As the health care sector moves toward wide-scale adoption of electronic medical records, the potential for personal-data breaches has significantly increased, creating a precarious legal environment for health plans and providers while class-action firms are carving out a lucrative niche in California.
In the past 18 months, health systems such as Sutter Health, Kaiser Permanente, Stanford Hospitals and Clinics, Health Net and numerous others have experienced data breaches, including St. Joseph Health, an event that affected some 10,000 patients in Sonoma and Napa counties, where it operates three hospitals.

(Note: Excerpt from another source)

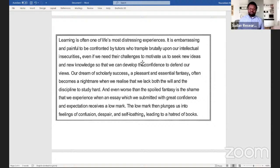You're not outside the logic — you're still there and it adds new information. 'Our dream of scholarly success, a pleasant and essential fantasy, often becomes a nightmare when we realize that we lack both the will and the discipline to study hard. And even worse than this spoiled fantasy is the shame that we experience when an essay which we submitted with great confidence and expectation receives a low mark. The low mark then blinds us into feelings of confusion, despair, and self-loathing, leading to a hatred of books.'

The ramifications can be steep -- St. Joseph Health is facing multiple lawsuits, one filed in Sonoma County for $31.8 million, or $1,000 for each of the 31,800 patients affected across California. Other health systems have seen lawsuits to the tune of $500 million.

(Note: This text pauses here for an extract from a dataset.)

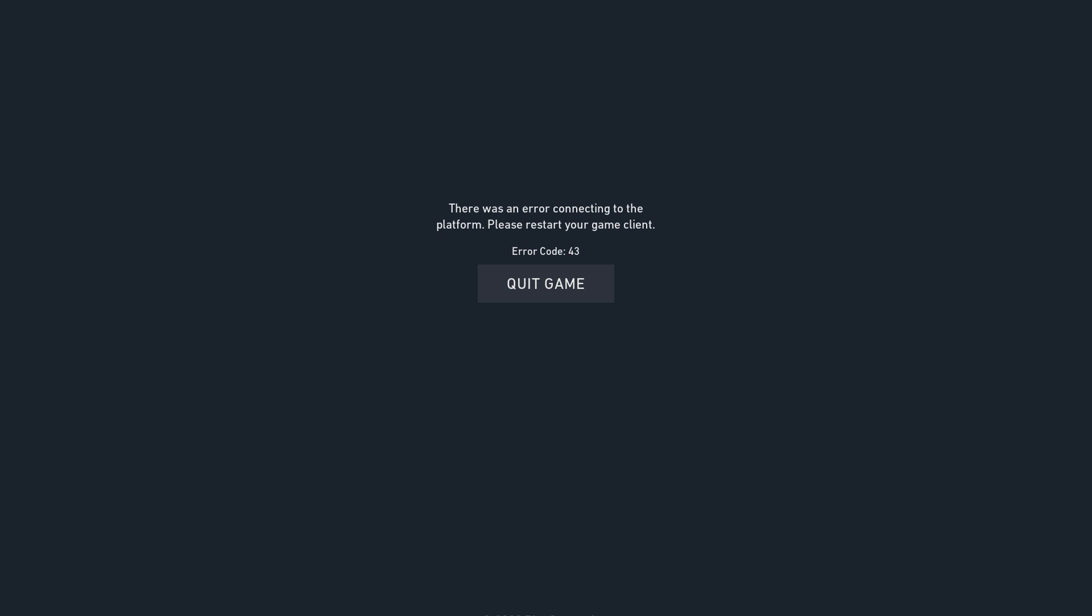And what people have suggested is to restart the game, restart your computer, and it could also be that the servers are offline. But I've gotten this message when my friends were playing at the same time.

A number of factors are behind the recent spike in such lawsuits, including technological advances in health information, spurred at least in part by the Health Information Technology for Economic and Clinical Health, or Hi-Tech Act, according to Clark Stanton, a partner with Hooper, Lundy & Bookman, a firm with offices in San Francisco and Los Angeles that specializes in health care.
The act, part of the 2009 American Reinvestment and Recovery stimulus, permitted the Centers for Medicare and Medicaid Services to promote electronic medical records by way of enhanced reimbursement for providers who demonstrate so-called "meaningful use" of EMRs, or decreased reimbursement for those who don't adopt electronic records.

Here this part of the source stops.